Спор отца с сыном настолько захватил Василия, что он даже рискнул полностью высунуть голову из-за корзины. Он увидел, что Иосиф повернулся в постели, и теперь свет лампы падал на его изможденное болезнью лицо. Его худоба вызвала у молодого человека жалость. Глаза старика, казалось, провалились в глубокие, черные орбиты под огромным, испещренным морщинами лбом.
Воцарилось долгое молчание. Наконец Иосиф сказал:
— Мое тело изношено, но что касается моего разума, то он светел, как никогда.
Василий отметил про себя, что глаза Аарона ни на секунду не оставались спокойными. Они постоянно бегали по стенам комнаты, обшаривали ее углы. Но всякий раз его взгляд, словно взгляд влюбленного, возвращался к подушке, на которой покоилась голова Иосифа.
— Завтра утром, — заявил Аарон, — я отдам распоряжение, чтобы тебя перенесли обратно в твою комнату.
Иосиф ответил тут же, голос его при этом, казалось, стал более живым и сильным:
— Я останусь здесь. Никто и не подумает выполнять твои распоряжения, даже если ты посмеешь их тут раздавать. Я всегда был хозяином в своем доме и останусь им до конца своих дней.
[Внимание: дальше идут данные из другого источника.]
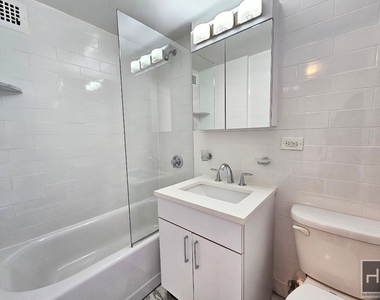 E 16 St - Photo Thumbnail 2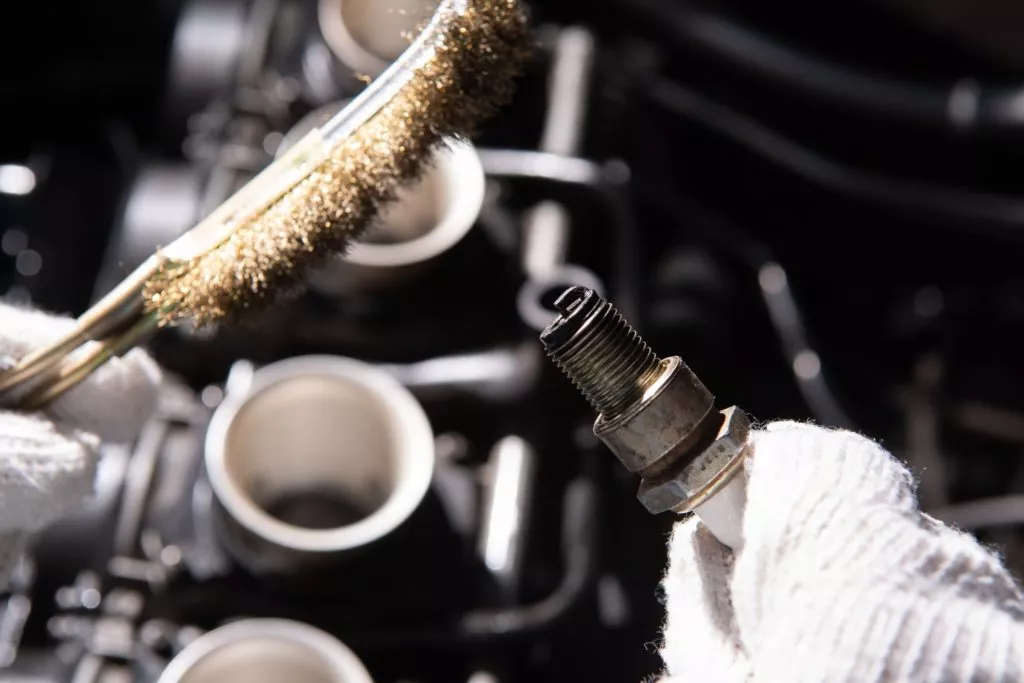 Man fixing spark plug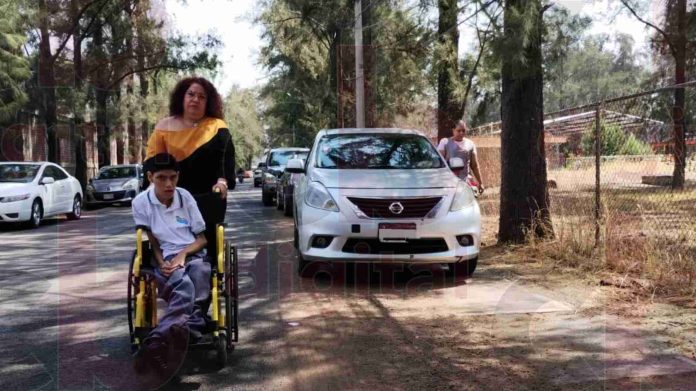 Vehículos invaden banqueta del CREE: padres llevan a sus hijos a media calle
До самой смерти.
— Не думаю, не думаю. Ты на пути к тому, чтобы совершить страшные глупости, и я не могу тебе этого позволить. Я в курсе тех приготовлений, которые ты делаешь, тех грязных махинаций, целью которых является нанести ущерб мне, твоему единственному сыну. Ничего удивительного в том, что ты не можешь умереть спокойно с таким тяжелым грузом на совести.